Os reformados da Confissão de Fé de Westminster que declararam que uma vez que a Escritura está completa, "cessaram aqueles antigos modos de Deus revelar sua vontade ao seu povo" (I.1), complementaram isso dizendo que o critério último através do qual todas as disputas teológicas precisam ser solucionadas é "o Espírito Santo falando nas Escrituras" (I, 10). Os reformados criam em "iluminação espiritual", ou seja, que Deus pode sim falar comigo hoje. Ele pode me orientar nas decisões do dia a dia, mas não fará isso independentemente da Bíblia. Se Deus quiser, pode até mandar um anjo falar comigo, ou um sonho, ou a palavra iluminada de um crente fiel (alguém poderia dizer que Deus pode usar até uma mula se quiser, como no caso de Balaão). Mas nada disso será o critério final para eu saber qual é a vontade dele, até porque Paulo disse que se um anjo viesse falar aos gálatas um evangelho diferente daquele já revelado deveria ser considerado maldito (Gl 1.8). O meu critério é a Escritura. Através dela eu interpreto o modo como Deus fala na natureza. Através dela eu interpreto o modo como Deus pode falar no meu coração ou através de algum crente fiel. Estritamente, portanto, eu jamais chamaria esse "falar de Deus" de "nova revelação", pois se fosse, a Escritura não poderia ser juiz dele. Se a Escritura é seu juiz é porque esse falar de Deus não é novo, mas apenas um desdobramento daquilo que a Escritura já disse. Por isso o termo correto é iluminação.

Concluo dizendo que não creio em "novas revelações normativas", pois se acreditasse teria que dizer que a Bíblia ainda está sendo escrita. Creio que Deus "fala". O Espírito Santo habita o crente e o dirige, e ainda lhe deu um critério infalível para saber quando de fato ele está falando: a Escritura. Portanto, na minha opinião falar em ser estritamente continuacionista ou cessacionista é uma falácia metodológica. Alguns dons cessaram, outros não.
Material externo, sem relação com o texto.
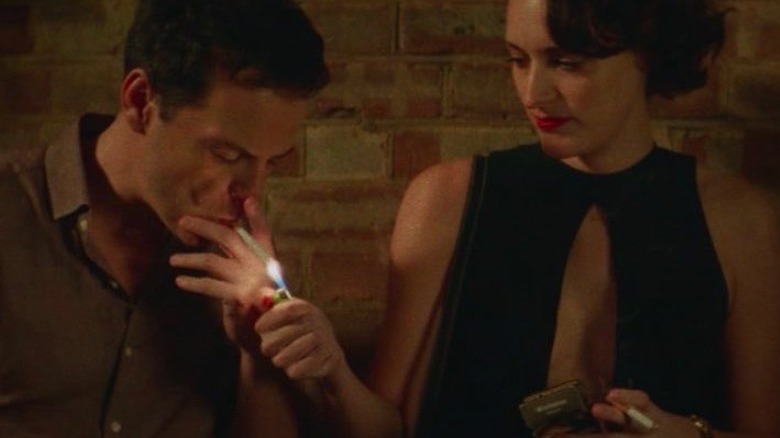 Fleabag lights a cigarette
Dons revelacionais eram temporários e cessaram, dons ministeriais continuam em ação. Acima de tudo, sejamos criteriosos. Não queiramos impor limitações para Deus, mas não nos esqueçamos dos limites que ele mesmo impôs: aquilo que ele já revelou e ordenou que fosse registrado na Escritura.
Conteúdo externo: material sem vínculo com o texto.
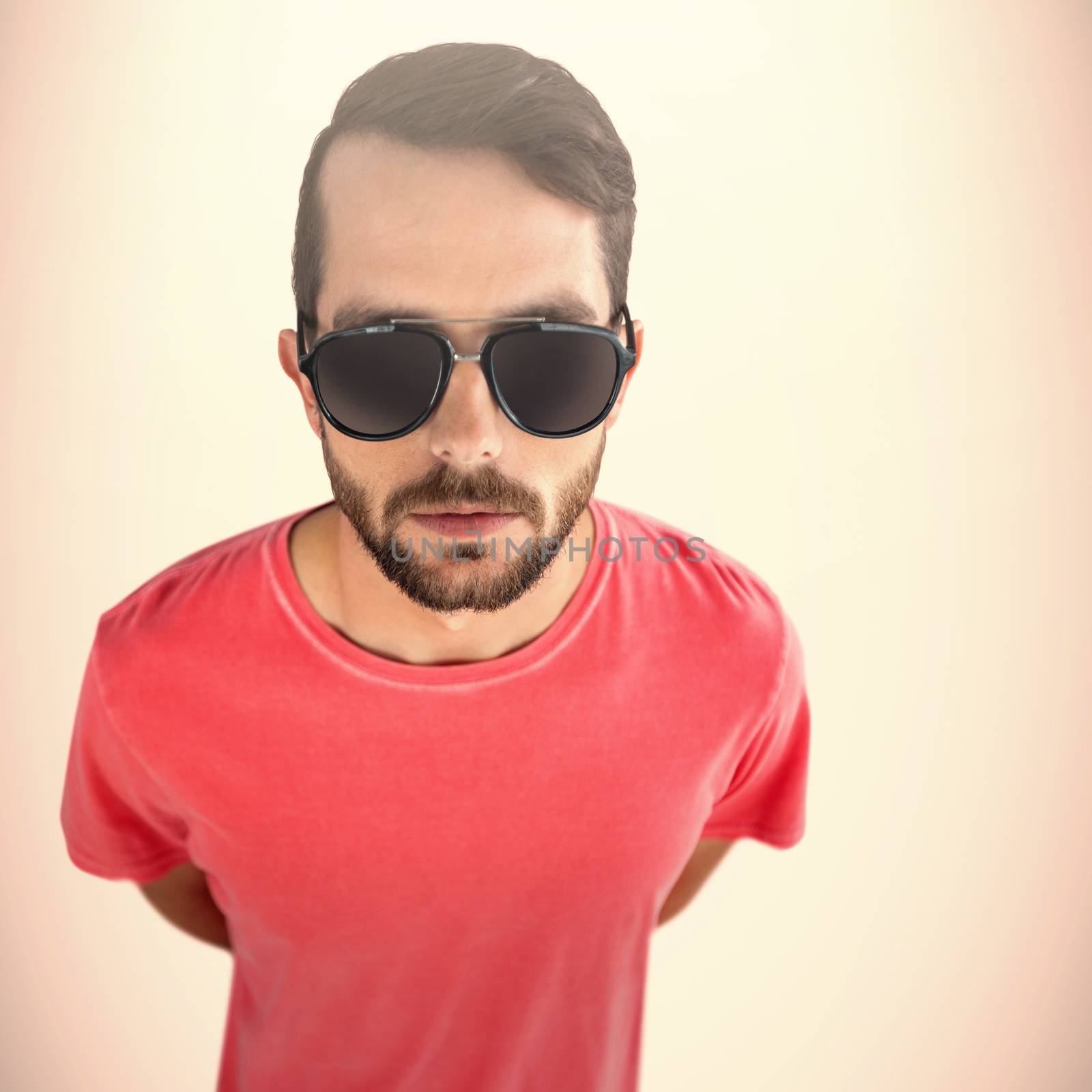 Male model in sunglasses against white background against neutral background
[1] Calvino parece não ver ligação entre o Domingo e o quarto mandamento, como posteriormente os Puritanos claramente veriam. Antes, entende que o Sábado foi abolido e o Domingo foi instituído para "fins eclesiásticos e políticos", ou seja, para que os trabalhadores tenham um dia de descanso e a igreja um dia para se reunir: "Pois, visto que para suprimir-se a superstição se impunha isto, foi abolido o dia sagrado observado pelos judeus; e como era necessário para se conservarem o decoro, a ordem e a paz na Igreja, designou-se outro dia, o domingo, para este fim" (Institutas, II, 33). Calvino inclusive entendia que, se uma igreja quisesse escolher outro dia para se reunir, embora ele próprio entendesse ser o Domingo o dia mais indicado, contudo não se oporia: "A tal ponto, contudo, não me prendo ao número sete que obrigue a Igreja à sua servidão, pois não haverei de condenar as igrejas que tenham outros dias solenes para suas reuniões, desde que se guardem da superstição. Isto ocorrerá, se se mantiver a observância da disciplina e da ordem bem regulada" (Institutas, II, 34).
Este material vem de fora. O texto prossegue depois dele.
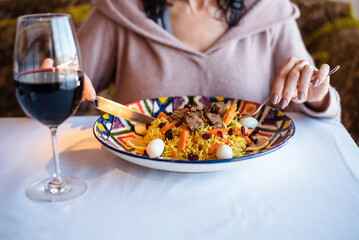 Woman enjoying a gourmet meal with red wine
[2] "Como é lei da natureza que, em geral, uma devida proporção do tempo seja destinada ao culto de Deus, assim também em sua palavra, por um preceito positivo, moral e perpétuo, preceito que obriga a todos os homens em todos os séculos, Deus designou particularmente um dia em sete para ser um sábado (descanso) santificado por Ele; desde o princípio do mundo, até a ressurreição de Cristo, esse dia foi o último da semana; e desde a ressurreição de Cristo foi mudado para o primeiro dia da semana, dia que na Escritura é chamado Domingo, ou dia do Senhor, e que há de continuar até ao fim do mundo como o sábado cristão" (CFW, XXI.7).

[3] Exceto, é claro, R. T. Kendall e os antinomianos...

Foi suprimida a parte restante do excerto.